A Comparison Of The Currency Market And The Stock Market

The Internet has opened doors for people around the world to trade and invest in a convenient manner in a growing variety of markets. For example, you can venture into online Forex trading as well as stocks trading. Some people find that trading in the currency market is better than trading in stocks. Others feel otherwise. In this article, we will make a comparison of these two financial markets.

One of the differences between the two markets is that Forex is much larger. In fact according to reports, the average traded value for the Forex market reached four trillion. The size of the Forex market is because many individuals are enticed by its convenience, impressive liquidity, twenty-four hour trading, and the high leverage that is available. Part of the convenience in Forex trading online is due to the small number of options to trade or invest in. If you trade in stocks, you would have to choose among 10,000 options to find one with the best earning potential.

The currency market is extremely liquid as traders are not required to wait for an uptick before they can sell, which is usually the case in the stock market. The market opens at 5PM EST Sunday in Sydney and moves along different time zones until it closes by 5:00 PM EST in New York. Because of its twenty-four hour operation, you don’t have to wait for a starting or ending bell, making it a viable additional source of income aside from your day job.

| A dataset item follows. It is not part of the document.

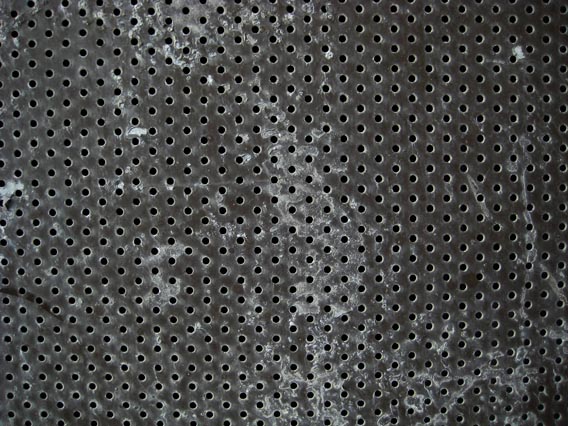 grill metal dots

As said in the earlier paragraphs, Forex online trading allows higher leverage. In the United States, the leverage you can get when trading currencies can reach up to 50:1, which is substantially higher compared to the 2:1 leverage available for those trading in stocks. Such amount of leverage is possible in the currency market because of its liquidity.

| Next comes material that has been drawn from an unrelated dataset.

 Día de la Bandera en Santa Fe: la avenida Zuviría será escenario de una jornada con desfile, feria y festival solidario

Then again, Forex tends to be extremely volatile. Currencies can be affected by socioeconomic and political factors. Even natural calamities can influence the supply and demand for a particular currency. For those who have low risk tolerance, the stability of stock trading can be more appealing. Then again, the stock market often hits a lull, which results to shrinkages in both trading volume and activity. As a consequence, those who trade in stocks may find it difficult to buy and sell when they like to. While Forex is more volatile, there is opportunity to profit in both rising and declining markets.